More than one in three dog owners may have been duped into buying a puppy-farmed dog, many of which end up needing thousands of pounds of veterinary and behavioural treatment, according to new Kennel Club research.
It is thought that the internet and demand for trendy designer crossbreeds is fuelling the trade.
Nearly half of buyers did not see their puppy in its breeding environment, with puppy farmers commonly selling their puppies over the internet.
The research also found that 14% bought in pet shops, 10% picked their dog up from a motorway service station or other neutral location, and 2% received a ‘mail order pup’ delivered straight to their door.
More than half of puppy buyers did not receive a contract of sale or see relevant health test certificates for the puppy’s parents, which indicate how healthy the pup is likely to be.
Marc Abraham, Kennel Club veterinary advisor and narrator of the STOP Puppy Farming film, said: “There is now an alarming trend, which is seeing breeders view dogs just as commodities without any regard for their rights as living creatures.
“People wouldn’t buy from a car from a dodgy dealer, offering no MoT or service documents, but sadly people don’t ask for the similar assurances from a dog breeder. These pups will then most likely suffer terrible health and behavioural problems further down the line.”
The Kennel Club is campaigning for tougher legislation to clamp down on puppy farmers, which would see all breeders having to follow standards similar to those followed by members of the Kennel Club Assured Breeder Scheme. In the meantime it is urging puppy buyers to buy only from one of around 8,000 Kennel Club Assured Breeders across the UK.
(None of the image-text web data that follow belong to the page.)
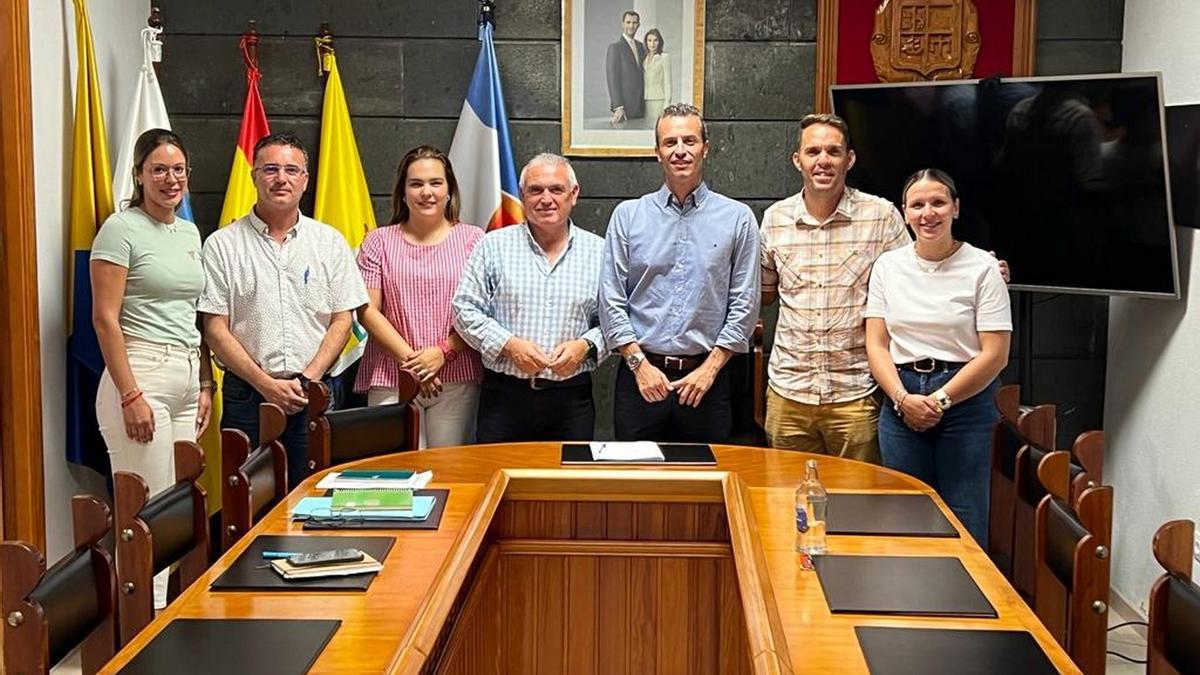 El Pleno del Ayuntamiento de La Aldea de San Nicolás aprueba la estructura organizativa del nuevo gobierno local.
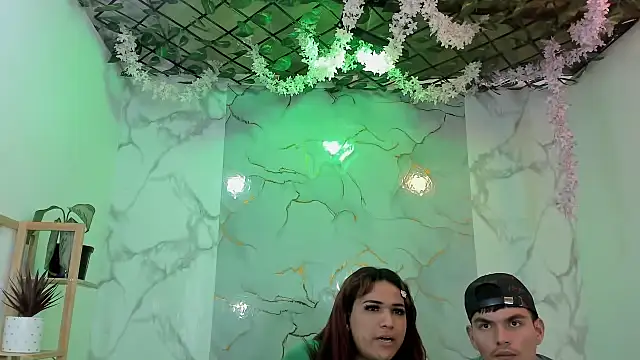 Nahomi_hot_77 webcam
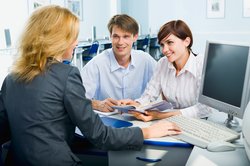 Mann und Frau im Gespräch mit einer Frau in einem Büro. Foto: pressmaster/Fotolia Mann und Frau im Gespräch mit einer Frau in einem Büro. Foto: pressmaster/Fotolia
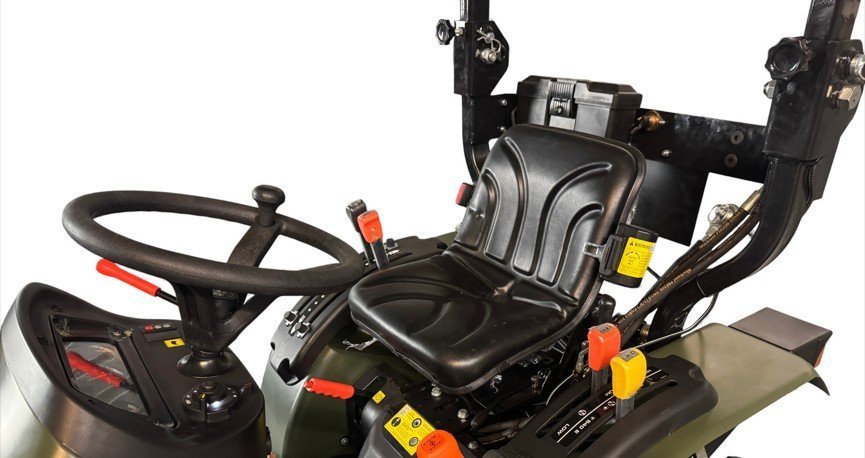 Startrac 22 Kleintraktor Nato-Grün – 22 PS Allradtraktor mit Ackerstollenbereifung – Bild 19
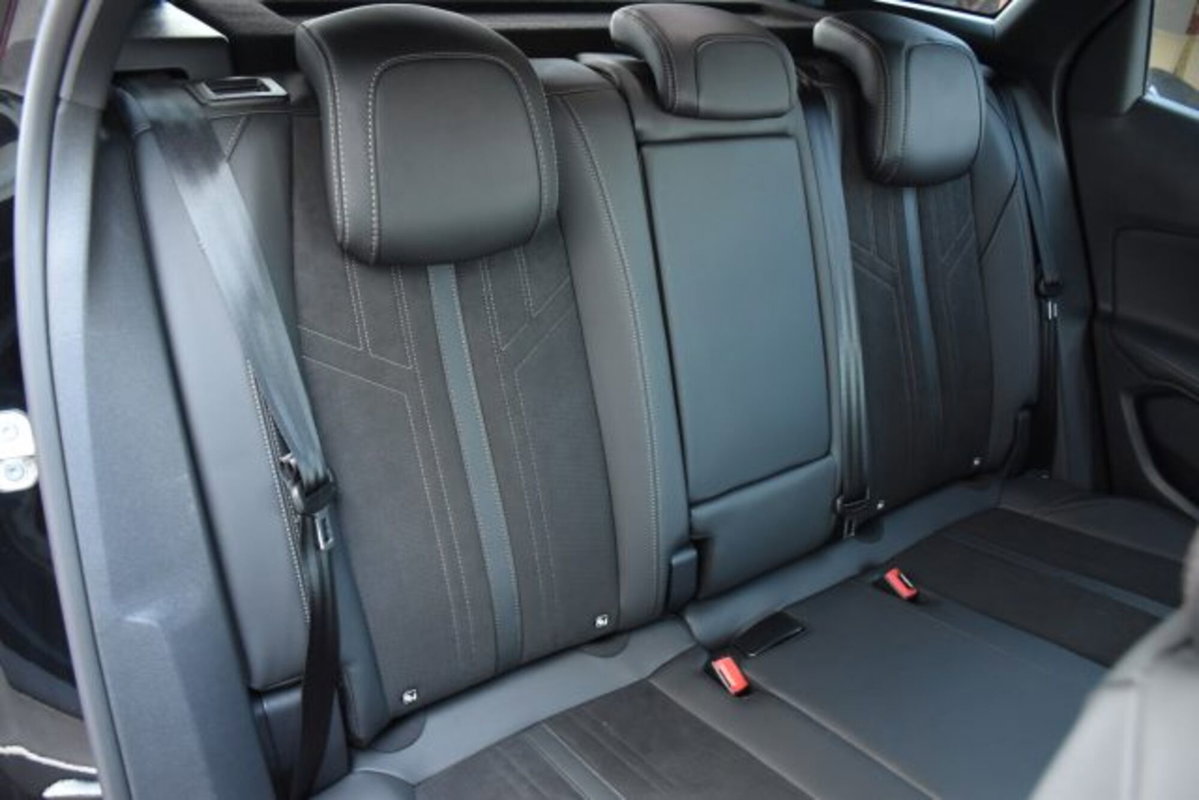Peugeot 3008 BlueHDi 180 S&S EAT8 GT Pack (19)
Caroline Kisko, Kennel Club Secretary, said: “All too often, people walk blindly into buying a puppy without being aware of all the information available to them. Those people who buy pedigree dogs tend to use the information that the Kennel Club provides, such as that available via the Kennel Club’s Puppy Buying Guide app, which includes checking if their breeder is following responsible steps such as health testing.
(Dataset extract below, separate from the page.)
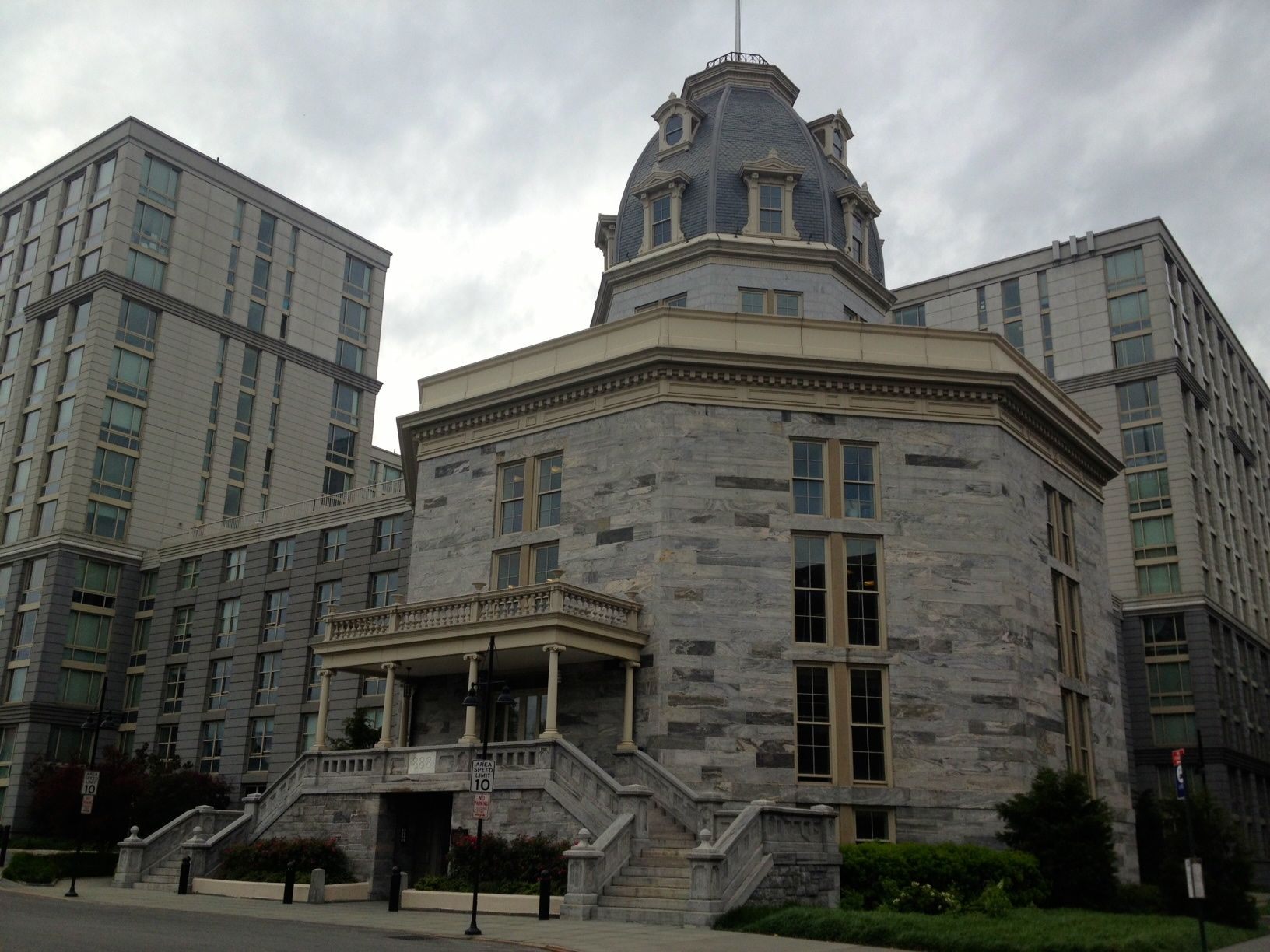 Roosevelt Island Insane Asylum Octagon - Atlas Obscura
“Because the industry lacks virtually any regulation, we urge people to go to a Kennel Club Assured Breeder since they follow all of the steps that we expect of the most reputable breeders and agree to have their premises checked by a Kennel Club inspector.
“Outside of this, all we can rely on is the local authority licensing system for those that breed large numbers of litters, and the Kennel Club will not register the pups of breeders without this licence. However, the licensing system is not 100% effective, which is why people should always report a suspected puppy farmer.”